In the article “I.P.F., Not Aging, Could Be Causing Breathlessness” in the New York Times this week, columnist Jane Brody explains that the drug Esbriet (pirfenidone) can “slow the loss of lung function and significantly reduce deaths” from an incurable lung disease called idiopathic pulmonary fibrosis, or I.P.F.

The article notes that Esbriet was approved in the U.S. in 2014 and now 14,000 people have begun treatment, which costs $94,000 per year. The article also notes that the drug has been available for several years in other parts of the world (including Japan, India, Europe and Canada).

What the article does not mention is that this incredible drug can be purchased at just a fraction of the cost through many online pharmacies which dispense it from licensed pharmacies outside the U.S – where the cost is only about $2,000 per year, rather than $94,000 per year.
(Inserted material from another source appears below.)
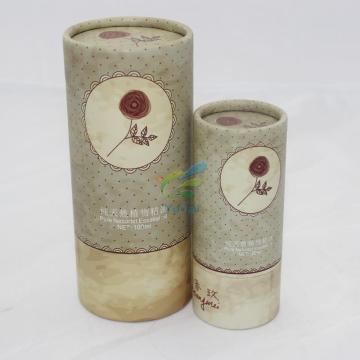 lovely decorated boxes of tea paper certificated by SGS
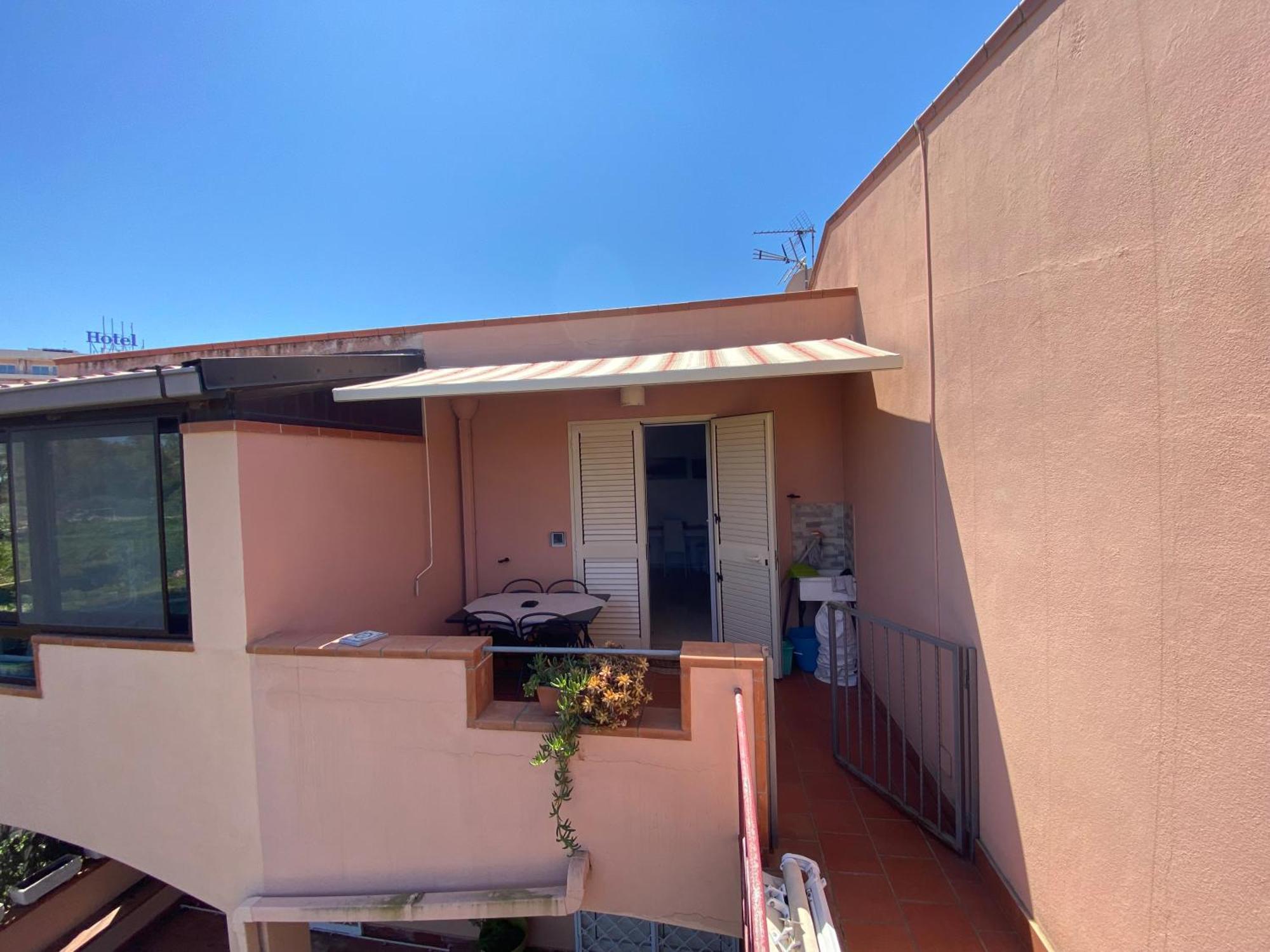 Apartments Di Salvo Фурнари Екстериор снимка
The standard dose of Esbriet is 801 mg per day – 3 capsules, each containing 267 mg of pirfenidone, according to the NIH website DailyMed. Outside the U.S., pirfenidone is sold as 200 mg capsules (so 4 capsules would provide a similar dose – 800 mg). In the U.S., the price of each 267 mg capsule (without any discount) comes out to about $85, while a 200 mg capsule from outside the U.S. costs about $1.50 (prices listed at http://www.pharmacychecker.com/generic/price-comparison/pirfenidone/200+mg/)

Why must Americans (and our government programs) pay 40 to 50 times more than to get this drug in the U.S. than from elsewhere?